Discussion in 'Fan Fiction' started by -Radioactive-2, Dec 23, 2013.

  1. "I...I...love you..." I whispered in his ear.
    He suddenly backed away. "Claire, I'm sorry, I never thought of you that way... And your..."
    He looked at the horrid scar that took up most of my face.
    I felt sick to my stomach... I thought I had finally found a guy that liked me...

    I slapped him and ran away. Tears streamed down my face as I remembered the night that my life completely changed.

    It was a normal night, and I was planning a nice dinner with my ex-boyfriend.

    He came here early, and I could smell alcohol on his clothes. "Eric...." I said, "You're drunk.."

    He drunkly stumbled in and told me, "Why haven't you ever made love with me? You know I want it..."

    I gasped as he pinned me against the wall.

    "Eric!! Let me go or I'll call the police on you!!"

    He loosened up and I ran to the kitchen. I grabbed a phone but I didn't realize he was behind me. He grabbed me and I punched him in the face. "You little bitch....."

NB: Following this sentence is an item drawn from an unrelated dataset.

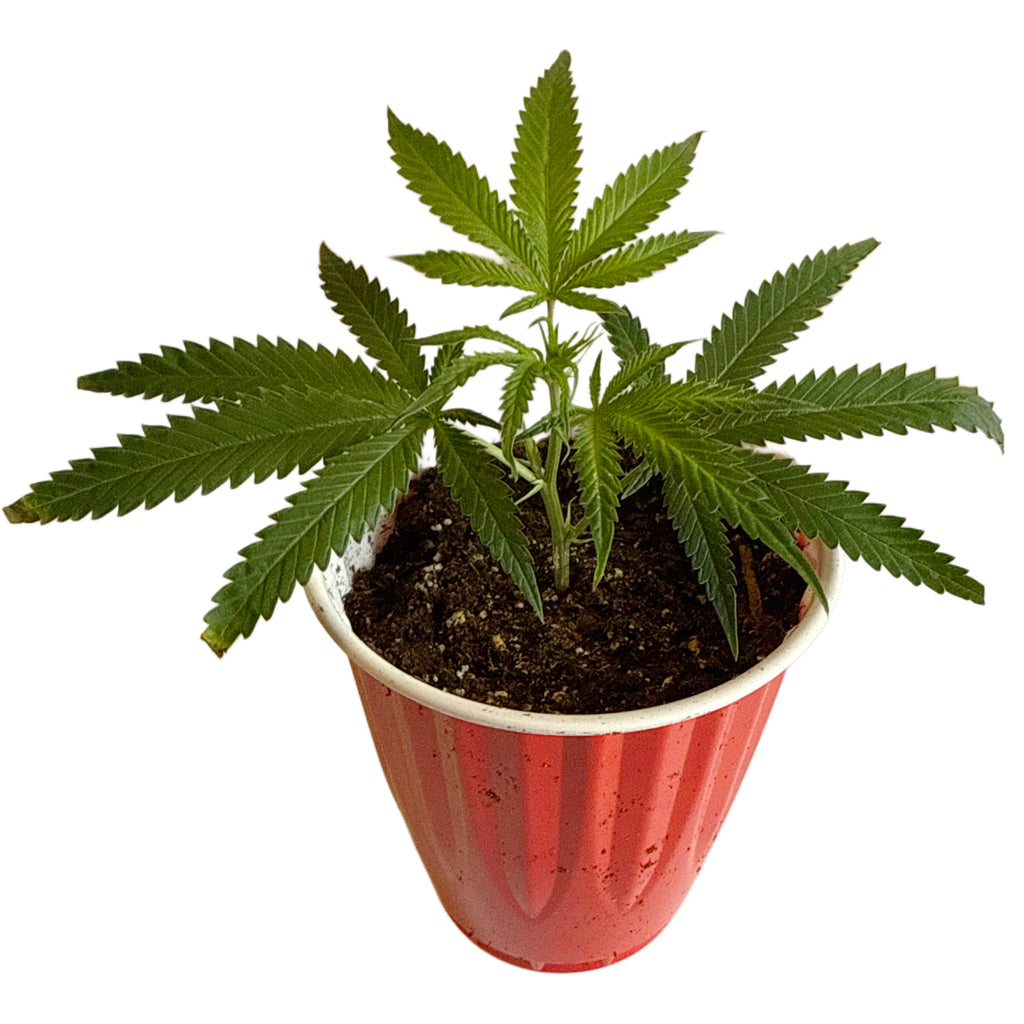 Lemon Clone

    He grabbed me and threw me on the floor. My head hit the counter, hard, and I screamed in pain. I looked up and saw a pan filled with boiling hot oil tip over and fall...

    Right on my face.
     
  2. Tell what you think guys ?
     
  3. o_O I want mooar! Bump, you should continue da story 
     
  4. Hm. You should continue.
     
  5. It's moving pretty fast, but I think it's good. Carry on.
     
  6. "I never meant to do it...." Eric told the detective, Mrs. Banks, "I was drunk... I barely remember what happened." His voice trailed off.

    She had no words. All she did was put down pictures of the burned down house and Claire's face. "Look at these. This should help."

    Eric sobbed as he looked through the pictures, and his tears seemed to blur reality, showing him what he did the night before.

    He was out partying with friends. He knew he shouldn't have, but he did. He drank way too much. Then it starts to be harder to remember. He sees Claire, he sees her burn, and then he watches as the house burns down around him.

    He calls for the detective to come back into the house. "Can I see her...?" He asked.

    "There's nothing left for you to see. She's in a very bad state, she's barely alive, a vegetable. And she's covered in bandages." The detective walked around the room.

    "I doubt she's even want to see you right, if she was awake." The detective rudely told him.
     
  7. If the dialogue normally ends in a period, and a dialogue tag comes after it, it should end in a period and the next word should be lowercase if it's not a proper noun.
    Wrong "I like cookies." She said.
    Right.✅ "I like cookies," she said.

    Also, you switched tenses, and I would recommend adding detail. Keep going; it's not bad so far.
     
  8. Sorry  I haven't written in a LOOOOOONG time and I forgot some rules 
     
  9. Wall me when update i want moreee
     
  10. I will update later today or after Christmas ? depends on how bored I am  it's just that there's a lot going on and stuff 
     
  11. Keep going. I agree it's moving pretty fast. More description. But it's a good story.  Wall me when you update.